Picking up from the comments to my previous post about The Voice that is Great Within Us:
If we start in 1914, we lose Eliz. Bishop, who was born in 1911, as well as Chas. Olson (1910) and Th. Roethke (1908). Then there were a bunch of American poets born in 1923 - 1926 who have always seemed to me to form a generational group: W.S. Merwin, Donald Justice, James Dickey, Anthony Hecht, Denise Levertov, Kenneth Koch, Jack Spicer, A.R. Ammons, Robert Bly, Robert Creeley, Allen Ginsberg, Frank O'Hara, David Wagoner, then 1n 1927, John Ashbery. It's remarkable how many of those were born in 1926 alone.
So, many anthologies of modern American poetry begin with Whitman and Dickinson as founding figures, and go on from there. Anthologies of Contemporary American poetry often begin with Pound, Williams, and Eliot, the generation that we'd be cutting off in favor of some new beginning. What would that beginning look like? Lowell and Bishop, even though Bishop comes too early?

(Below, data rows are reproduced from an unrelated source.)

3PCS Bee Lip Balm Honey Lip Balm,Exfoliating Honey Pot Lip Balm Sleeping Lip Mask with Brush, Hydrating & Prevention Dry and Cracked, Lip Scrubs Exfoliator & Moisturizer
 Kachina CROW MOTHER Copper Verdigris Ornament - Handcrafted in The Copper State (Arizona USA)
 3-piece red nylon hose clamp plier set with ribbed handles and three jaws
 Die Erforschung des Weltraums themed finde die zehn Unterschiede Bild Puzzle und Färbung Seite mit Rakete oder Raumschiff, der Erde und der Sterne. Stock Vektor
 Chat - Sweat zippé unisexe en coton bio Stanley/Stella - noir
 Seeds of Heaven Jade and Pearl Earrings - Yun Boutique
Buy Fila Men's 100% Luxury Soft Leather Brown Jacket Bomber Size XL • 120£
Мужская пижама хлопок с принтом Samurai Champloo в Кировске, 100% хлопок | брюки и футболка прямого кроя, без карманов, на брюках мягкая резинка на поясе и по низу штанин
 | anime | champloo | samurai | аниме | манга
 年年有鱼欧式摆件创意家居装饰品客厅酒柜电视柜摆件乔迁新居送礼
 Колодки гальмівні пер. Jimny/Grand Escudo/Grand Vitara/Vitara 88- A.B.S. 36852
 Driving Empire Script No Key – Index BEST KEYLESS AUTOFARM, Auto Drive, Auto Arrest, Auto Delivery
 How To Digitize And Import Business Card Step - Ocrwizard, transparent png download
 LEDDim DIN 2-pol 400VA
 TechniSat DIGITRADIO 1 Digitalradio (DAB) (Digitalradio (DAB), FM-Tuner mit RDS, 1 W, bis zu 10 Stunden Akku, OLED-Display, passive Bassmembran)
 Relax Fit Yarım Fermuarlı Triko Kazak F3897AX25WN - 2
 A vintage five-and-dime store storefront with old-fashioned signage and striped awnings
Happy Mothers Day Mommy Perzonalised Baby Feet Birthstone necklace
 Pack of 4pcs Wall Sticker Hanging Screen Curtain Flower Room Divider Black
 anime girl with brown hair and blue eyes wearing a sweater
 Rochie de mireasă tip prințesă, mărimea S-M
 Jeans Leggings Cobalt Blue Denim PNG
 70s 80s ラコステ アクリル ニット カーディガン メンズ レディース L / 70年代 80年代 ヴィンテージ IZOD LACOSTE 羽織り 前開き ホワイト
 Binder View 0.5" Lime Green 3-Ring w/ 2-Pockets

The first poet in the Carruth anthology to be born in 1914 is John Berryman, perhaps not an exemplary founding figure, but an interesting one. David Ignatow, Weldon Kees, William Stafford, and Randall Jarrell, are also born in 1914. I lay out all these names and dates in order to discover whetehr there might be some generational logic that would allow us to begin our anthology less arbitrarily than merely picking a date. I'd be inclined to go back and pick up Olson, Bishop and Roethke myself, but I'd be interested to hear what others might do with this chronology.